Motivation
In Calculus, you learn that complicated functions like logarithms and exponentials can be approximated by polynomials using a Taylor series. But there are many applications in science and engineering where the underlying data can be better described with a rational function. The “adaptive Antoulas–Anderson” algorithm (AAA) is a recent method for fitting rational functions to data.
Rational functions
A rational function of two polynomials takes the form
\[f(x) = {a_0+a_1x+a_2x^2+\cdots+a_mx^m \over 1+b_1x+b_2x^2+\cdots + b_mx^m}.\]Note the subtle difference between numerator and denominator. Unlike in the numerator, there is no free parameter for the offset term in the denominator (i.e. no \(b_0\)).
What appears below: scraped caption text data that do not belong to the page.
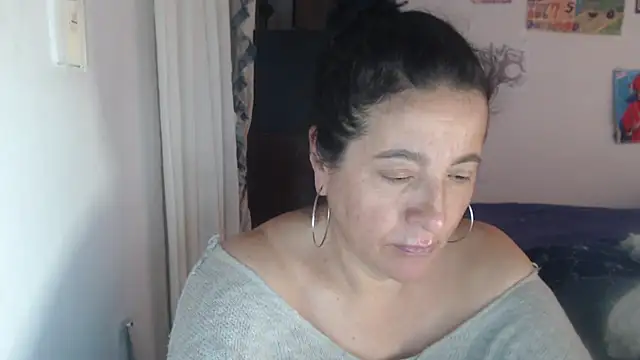 stefilove10 webcam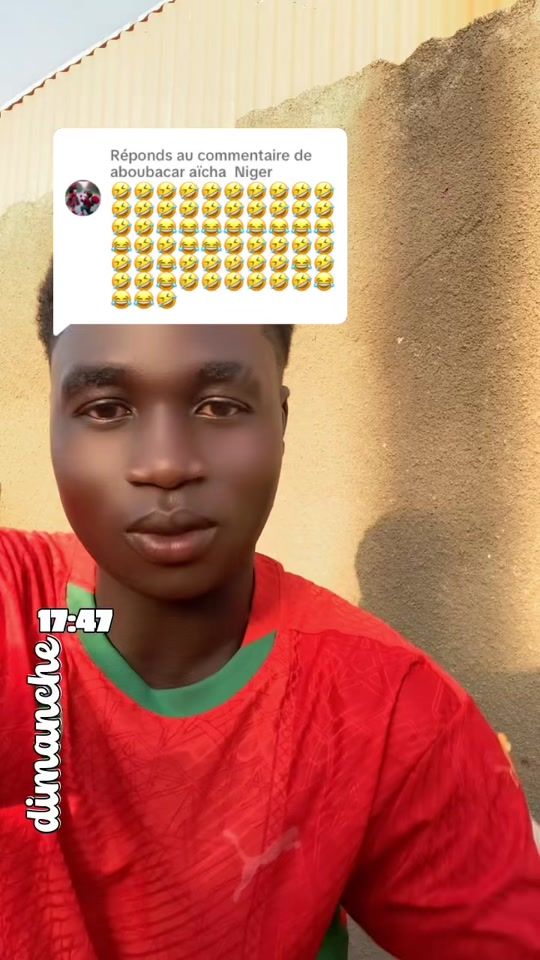 TikTok video thumbnail by le.ropero.de.marak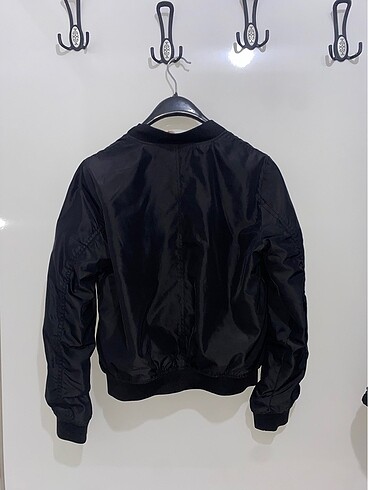 Pull and Bear PULL&BEAR CEKET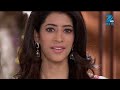 Ek Mutthi Aasmaan - Episode 237 - July 22, 2014 - Episode Recap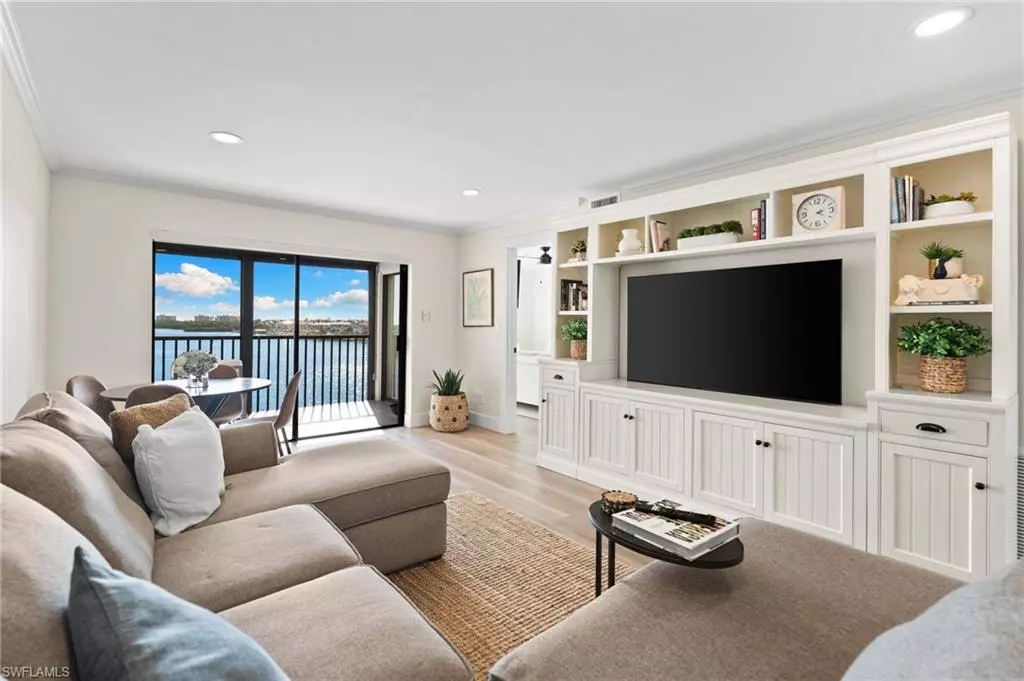 Bonita Springs, FL 34134,4835 Bonita Beach RD #409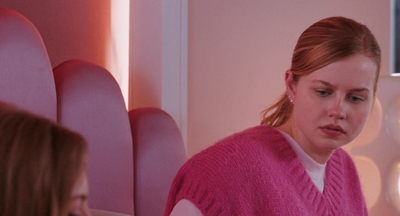 Mean_Girls_mp41665.jpg
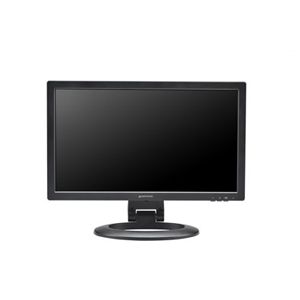 グリーンハウス USB接続サブディスプレイ 15.6型 GH-USD16K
This is effectively a normalisation to prevent redundancy.
Least Squares
Suppose we want to fit a rational function approximation to \(\log(1+x)\) over the interval \((0, 1]\).1 We can sample \(N\) points with a uniform spacing and create pairs of the form \((x_i, \log(1 + x_i))\).
The rational function is clearly a non-linear function of the coefficient vector \([a_0, a_1, \ldots, a_m, b_1, \ldots, b_m]\). But by rearranging the equation, moving the coefficients to one side, and denoting \(y_i = f(x_i)\), we can express the coefficients as the solution to an ordinary least squares problem
\[\begin{bmatrix} y_1 \\ y_2 \\ \vdots \\ y_N\\ \end{bmatrix} = \begin{bmatrix} 1 & x_1 & \cdots & x_1^m & -y_1x_1 & \cdots & -y_1x_1^m\\ 1 & x_2 & \cdots & x_2^m & -y_2x_2 & \cdots & -y_2x_2^m\\ \vdots & \vdots & \ddots & \vdots & \vdots & \ddots & \vdots\\ 1 & x_N & \cdots & x_N^m & -y_Nx_N & \cdots & -y_Nx_N^m\\ \end{bmatrix} \begin{bmatrix} a_0 \\ a_1 \\ \vdots \\ a_m\\ b_1\\ \vdots \\ b_m\\ \end{bmatrix}\]This is an OLS with \(N\) equations and \(2m+1\) parameters. The first \(m+1\) columns are called a Vandermonde matrix of degree \(m\). Notice that the remaining \(m\) columns are nearly Vandermonde except for the missing first column and the multiplication by \(-y_i\).
This method can be implemented with just a handful of lines of python
import numpy as np
from typing import Callable
def rational_function_ols(
f: Callable,
z: np.ndarray,
m: int,
) -> tuple[np.ndarray, np.ndarray]:
y = f(z) # (N,)
A_1 = np.vander(z, m + 1, increasing=True) # (N, m + 1)
A_2 = -y[:, None] * A_1[:, 1:]
# f(x_k) = a_0 + a_1 * x_k + ... + a_m * x_k ** m -
# b_1 * f(x_k) * x_k - ... - b_m * f(x_k) * x_k ** m
A = np.concat([A_1, A_2], axis=1) # (N, 2 * m + 1)
theta, _, _, _ = np.linalg.lstsq(A, y)
a = theta[: m + 1]
b = theta[m + 1 :]
return a, b
Figure 1 shows rational function approximations using OLS for various degrees \(m\) compared with the true function \(\log(1+x)\).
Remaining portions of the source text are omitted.